**Task prompt**
Lines before the one containing "уп. 100 шт.)" are not wanted; restate the rest below word for word, through the last line, but drop any pictures.

**Record extracts**

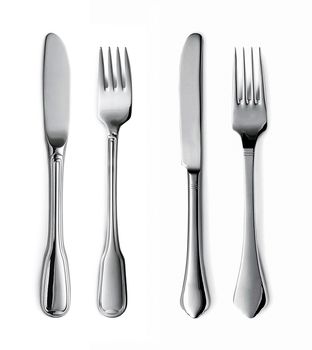 Forks and knifes isolated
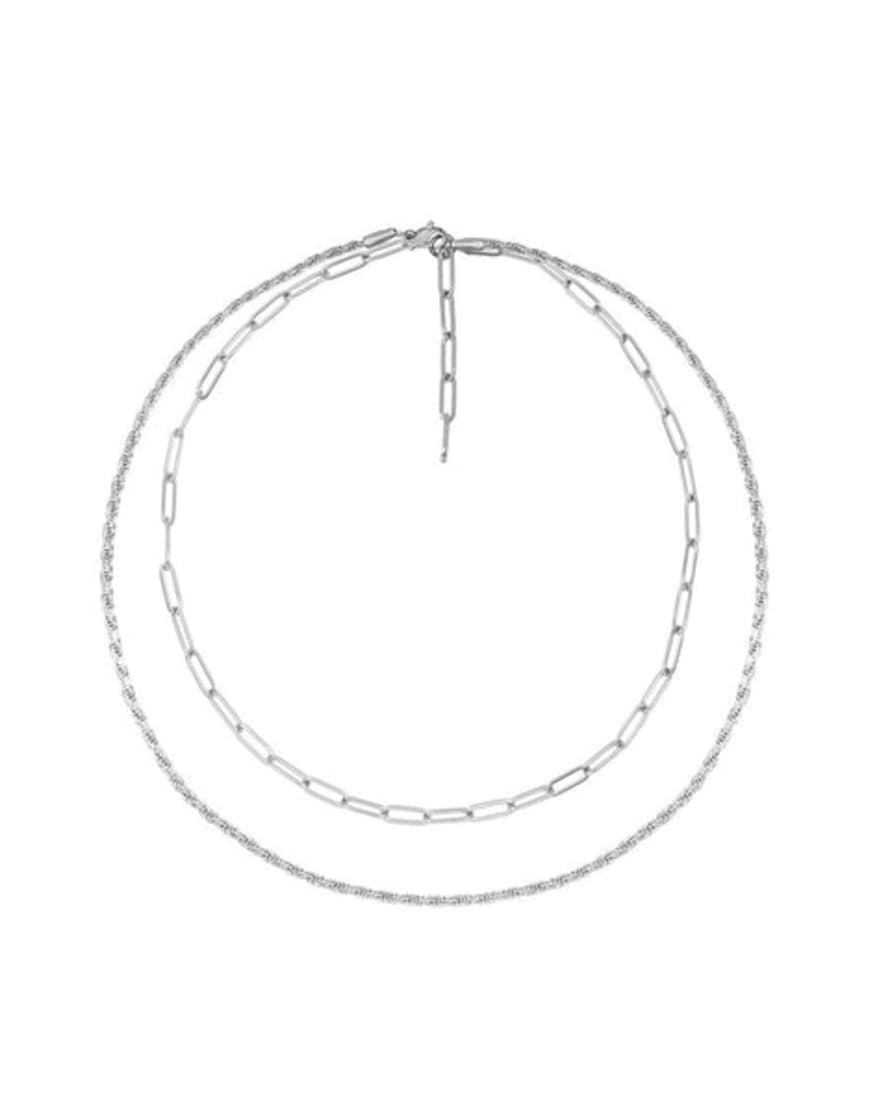 A Weathered Penny  Layered Chain Necklace Silver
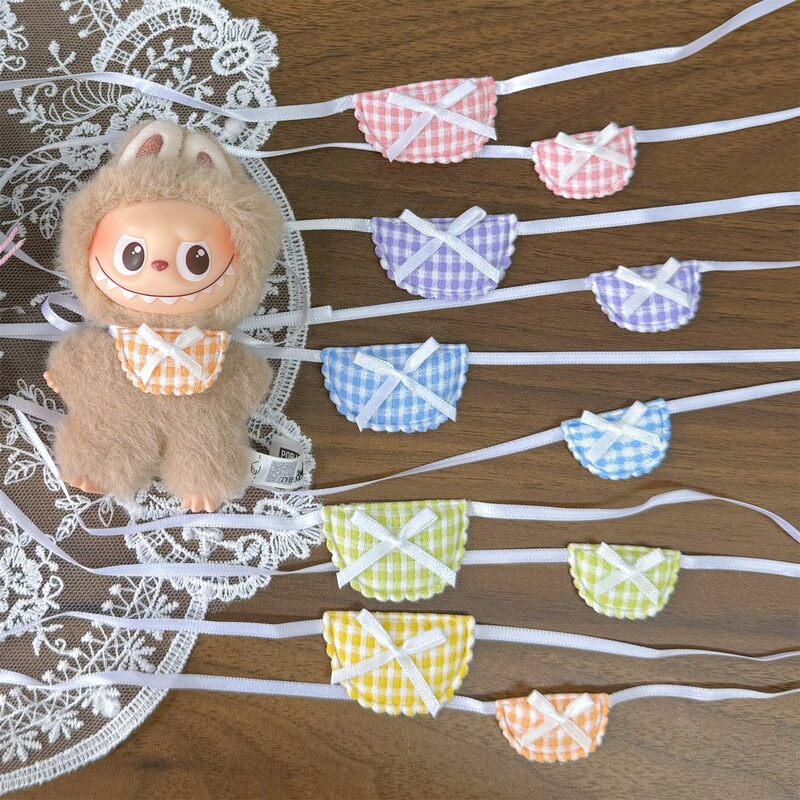 10cm Doll Drool Towel Mini 4.0 Labubu Cute Doll Dress-Up Bib Wholesale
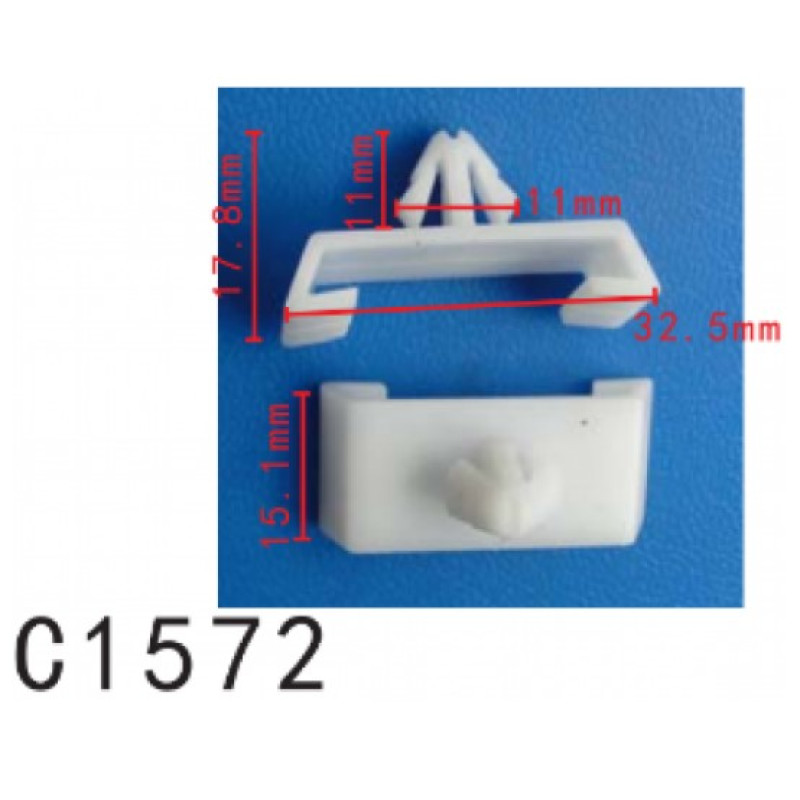 Кліпси C1572  Кріплення  молдингів VW (330-853-858, 330853858, 12109) ( уп. 100 шт.)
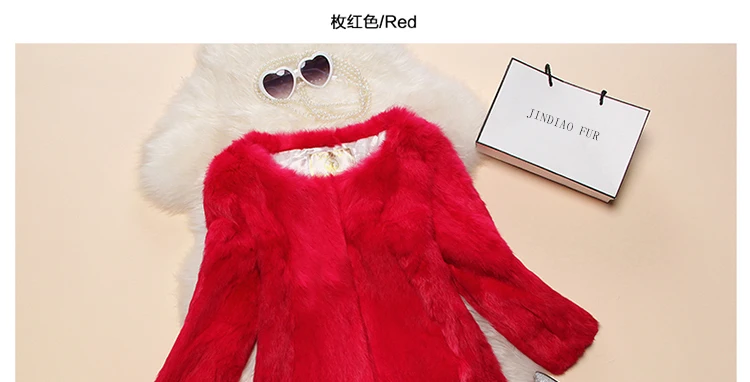 red Пальто из натурального кроличьего меха, Женская разноцветная Меховая куртка из кроличьего меха, цветное меховое пальто на заказ размера плюс F1048 - Цвет: red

**Task answer**
 Кліпси C1572  Кріплення  молдингів VW (330-853-858, 330853858, 12109) ( уп. 100 шт.)
 red Пальто из натурального кроличьего меха, Женская разноцветная Меховая куртка из кроличьего меха, цветное меховое пальто на заказ размера плюс F1048 - Цвет: red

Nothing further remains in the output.